ROANOKE TIMES

                         Roanoke Times
                 Copyright (c) 1995, Landmark Communications, Inc.

DATE: SUNDAY, August 14, 1994                   TAG: 9408230044
SECTION: HORIZON                    PAGE: D-1   EDITION: METRO 
SOURCE: By R.C. LONGWORTH CHICAGO TRIBUNE
DATELINE:                                 LENGTH: Long


AS DIPLOMATIC BULLETS, SANCTIONS USUALLY MISS TARGETS

From Haiti to Libya to Serbia, economic sanctions have become the way the world chastises rogue governments and tries to uphold the rule of law.

But there is one big problem: Sanctions don't work very well.

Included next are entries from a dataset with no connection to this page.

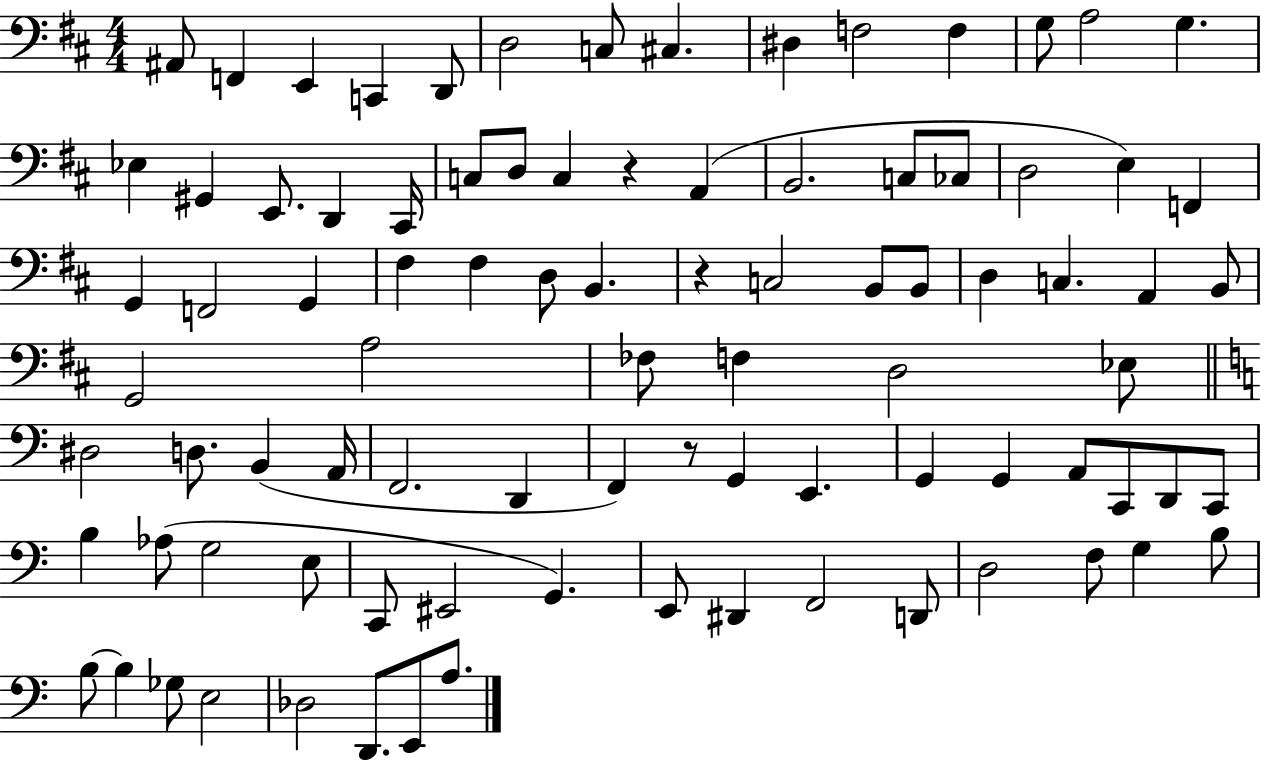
{
  \clef bass
  \numericTimeSignature
  \time 4/4
  \key d \major
  \repeat volta 2 { ais,8 f,4 e,4 c,4 d,8 | d2 c8 cis4. | dis4 f2 f4 | g8 a2 g4. | \break ees4 gis,4 e,8. d,4 cis,16 | c8 d8 c4 r4 a,4( | b,2. c8 ces8 | d2 e4) f,4 | \break g,4 f,2 g,4 | fis4 fis4 d8 b,4. | r4 c2 b,8 b,8 | d4 c4. a,4 b,8 | \break g,2 a2 | fes8 f4 d2 ees8 | \bar "||" \break \key c \major dis2 d8. b,4( a,16 | f,2. d,4 | f,4) r8 g,4 e,4. | g,4 g,4 a,8 c,8 d,8 c,8 | \break b4 aes8( g2 e8 | c,8 eis,2 g,4.) | e,8 dis,4 f,2 d,8 | d2 f8 g4 b8 | \break b8~~ b4 ges8 e2 | des2 d,8. e,8 a8. | } \bar "|."
}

Even their proponents admit sanctions work less than 25 percent of the time, usually indirectly. Opponents say they seldom work at all and often do more harm than good - hurting the innocent, enriching crooks and propping up evil regimes, while enabling the United States and the United Nations to claim they are doing something to solve a problem.

Officially, the governments that impose sanctions don't know whether they work or not.

The U.N., which has imposed four times as many economic sanctions in the past four years as it did in its first 45 years, has never done a study on the results. The only U.S. government study, done in 1990-91, concluded that sanctions seldom make another country do what it really doesn't want to do.

For example, take Serbia.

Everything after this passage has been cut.